The first, removing pricing uncertainty, has some justification but holds to ransom the more than 25% of rural consumers who will never have access to UFB services.

The second, ensuring that consumer’s best future-interests are met, is an absolute crock.  It is in no-ones ‘best’ interests to be forced to pay a surcharge over what the regulator deems a fair price for an inferior level of broadband service.

Price uncertainty arises from the Commerce Commission’s role in setting a fair wholesale price for monopoly services provided by Chorus.

That role was written in to law by Mr Key’s government consequent on Chorus being separated from Telecom.  It sensibly changed the pricing principle for monopoly services from a price-minus basis, to a cost-plus basis.

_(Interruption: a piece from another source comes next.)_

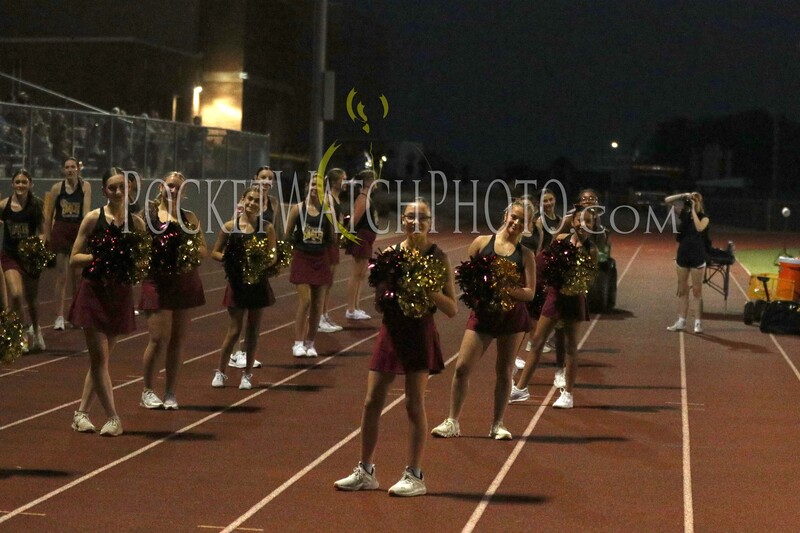 100325HSFB - 057.jpg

Actually there are two pricing principles in the Telecommunications Act.  The Initial Pricing Principle defines the methodology that the Commerce Commission must follow and it is the Commission’s preliminary view on this, that was published in December.

The Final Pricing Principle defines a different methodology that must be followed in the event that the Initial Price is not accepted by any party to the wholesale agreement.

Despite overwhelming evidence in support of the draft initial price (and some evidence for a greater price reduction), Chorus have signaled that they would invoke the Final Pricing Principle approach if that price is confirmed.  That final method is complex and could take years to settle.  Chorus would gain by continuing to receive its monopoly price until the issue is settled.

So the Commerce Commission did its work, according to the rules the government set for it, and came to the conclusion that the wholesale price was too high by 28%, or $12.53 per month.

The Telecommunication Act provided for Chorus to retain its monopoly price for three years with the new regulated price applying from 1st December 2014.  So there remains more than 15 months to work through the complexities of the Final Pricing Principle approach.

Big-gunsDespite this, big guns John Key and Steven Joyce again stepped in to the issue last week.

Key claimed, without justifying his arguments, that Chorus could ‘go broke’ and that the Commerce Commission broke the law.  And Steven Joyce successfully persuaded would-be participants in the ‘Axe the Copper Tax’ campaign against the government’s interference, to not take part.

The big question is, why are the big guns involved?

Let’s explore a supposition.

Suppose that the contract for installing 70% of the government’s UFB initiative was awarded to Chorus without any pre-conditions attached.

That is, for Chorus, the investment was financially sensible and would earn a reasonable return without the need for significant cross-subsidisation from their copper network activities.  It seems a fair assumption since Chorus CEO Mark Ratcliffe, who led Telecom’s UFB bid, would have been well aware of the level requirement to move to a new method for calculating the copper price.

And for the government, the nearly $1 billion paid to Chorus did not have a contingent liability around the uptake of UFB broadband nor around maintaining the regulated price for copper services.  This assumption may be more difficult to justify given then Minister Steven Joyce’s insistence on a ‘regulatory holiday’ to assure Chorus of price certainty.  He is a very pragmatic person and his rapid backing down from that concept in 2011, may have been based on another way of achieving the same outcome as a regulatory holiday.  Certainly the Commerce Commission’s draft UFB price unexpectantly took away some revenue certainty from Chorus.

If this supposition is correct, then there can be no justification for this political interference.  Nor can there be any need.

Only if this supposition is wrong, can the direct involvement of Key and Joyce be understood.